Courtesy: Alliance for Children's Rights
Hear stories from former foster care kids in KPCC's "Voices from Foster Care" below.
Gov. Schwarzenegger signed AB12, the California Fostering Connections to Success Act, on Thursday, allowing foster youth to stay in the system until they are 21. Previously when a foster youth turned 18, they were essentially on their own: penniless, aimless, and often without housing. This lack of stability makes foster youths much more likely to be homelessness, incarcerated, pregnant or addicted to drugs than the average teen.
Under AB12 foster youth who continue their education or job training and who work at least a part-time job would be eligible for extended benefits until they are 21. The costs for these extra years of benefits will be negligible for California, as AB12 is designed to bring the state into compliance with a 2008 act of Congress that made federal matching funds available for these kinds of programs.
Hear the issues from the perspective of former foster care youth
The goal is to give these youth the stability they need to stay in school and become productive members of society. As it currently stands, the foster care system is not adequately preparing these kids for life on their own once they “age-out” of the system at 18.
Lola Bell, a former foster youth who was taken from her drug-addicted mother when she was 2-years-old said she was unprepared for the transition from foster care to emancipation.
“These kids need to be placed in places where people are going to help them, teach them and if not in the household then there needs to be programs that these kids are in before they age out so that they know exactly what they are about to get into because I mean I had no idea that at the age of 18 I was going to be homeless in the streets.”

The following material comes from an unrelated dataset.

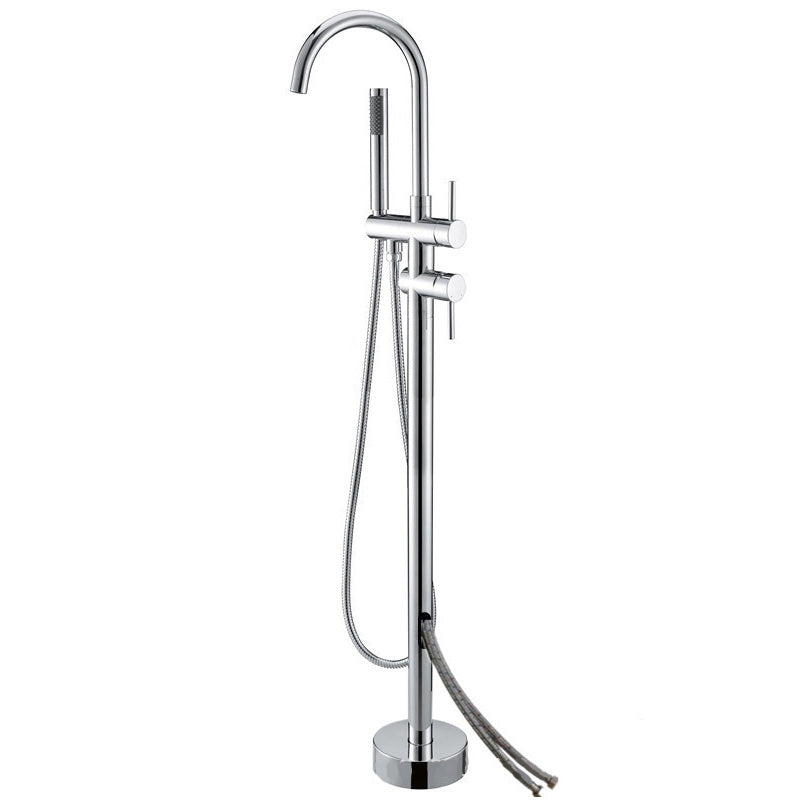 Modern Freestanding Tub Faucet Copper Floor Mounted Two Handle Freestanding Bathtub Faucet Chrome Wall Clearhalo 'Bathroom Remodel & Bathroom Fixtures' 'Bathtub Faucets' 'bathtub_faucets' 'Home Improvement' 'home_improvement' 'home_improvement_bathtub_faucets' 6312045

Lola, who is still in-and-out of shelters, wished for another chance. “I know that if someone would have told me when I was much younger, look Lola, you really need to do everything that you can do with school, with work, save as much money as you can because at 18, you are going to be on the streets, period. And so if someone would have told me that, I would have worked harder.”

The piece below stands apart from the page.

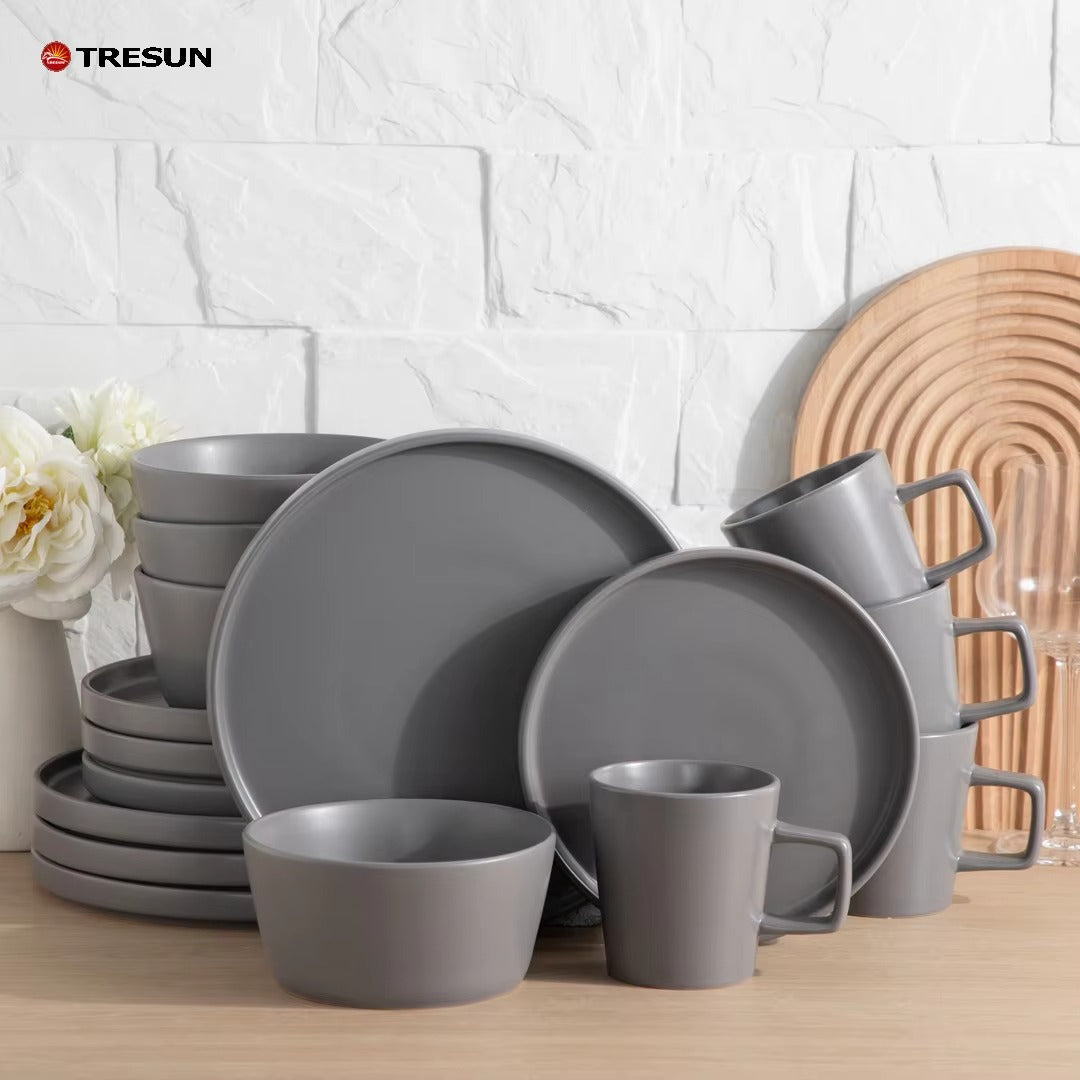 Tresun®16 Pcs Matte Grey Stoneware Dinnerware Set | Service for 4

A study out of Chapin Hall at the University of Chicago documents the struggles facing foster youths who are out on of the system and on their own at age 18:
• 37 percent of foster kids had experienced some period of homelessness by the time they had turned 24.
• Two-thirds of the women in the study got pregnant at least once since leaving foster care.

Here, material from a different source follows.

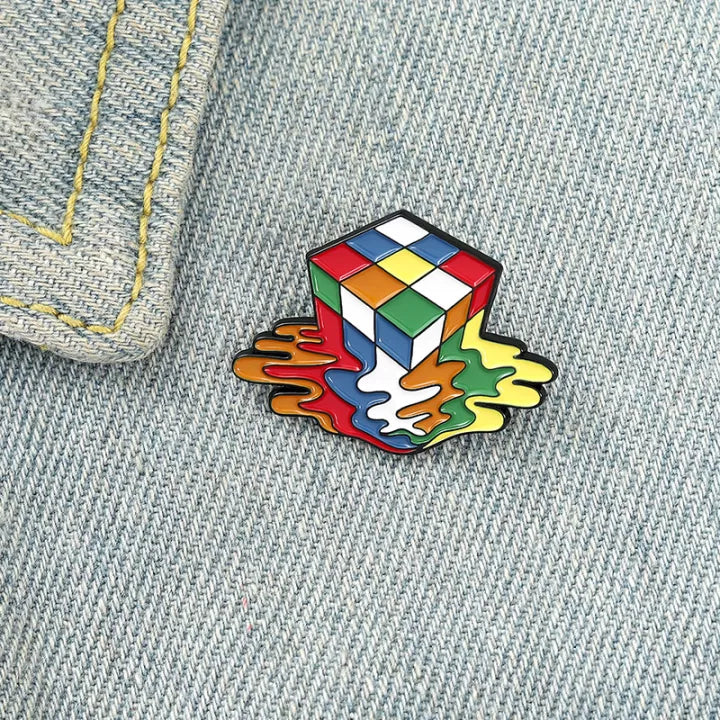 Rubiks Cube Lapel Pin/ Brooch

• By ages 23 or 24 nearly one-quarter of former foster kids in the study had failed to achieve a high school diploma or GED, and only 6 percent had 2- or 4- year degree.
Cost analysis conducted by the Alliance for Children’s Rights, an advocacy group supporting foster youth, found that AB12 will actually save the state $50 million annually by replacing California’s state-funded subsidized guardianship program for relative caregivers with federally-funded programs.
More motivation for keeping foster kids under the government wing a little longer is the fact that the state pays for them one way or another. A 2009 study found that for every dollar invested on California foster youth past age 18 there is a return of $2.40 in increased productivity, without taking into account the increased cost of incarceration, teen pregnancy or homeless shelters.
Trayvon Walker is living proof of the challenges faced by foster kids once they’ve aged out. Born addicted to cocaine, he was taken away from his mother as an infant; emancipated at 18, Trayvon found himself homeless and on his own while trying to go to school. “Being on the streets, having to stay in a shelter, I cried. I literally did not know what to do. I didn’t deserve to be in a shelter.”
Zaneta Bell, Lola’s younger sister, endured the same harsh reality upon turning 18. “We don’t have anybody to turn to. When things get rough, we aren’t like normal kids where we can go mommy, daddy I need help, I can’t pay for school, or I can’t pay for housing, they are about to kick me out, I have no money what do I do.”
In the eyes of former foster youth like Trayvon, reforming the system is an easy call. “This is not an argument or a debate,” declared Trayvon. “We have statistics that tell us that most of the people that are in jail are ex-foster youths. Most of the people you see on the street were homeless and were ex-foster youth. So it just tells you that no, they aren’t doing a good job as far as managing the people’s money.”
Considering the partisan rancor that is a staple of legislative affairs in California, AB12 received solid bipartisan support when it passed on August 31st—in the Assembly there were only two “no” votes on the bill, compared with 72 “ayes.”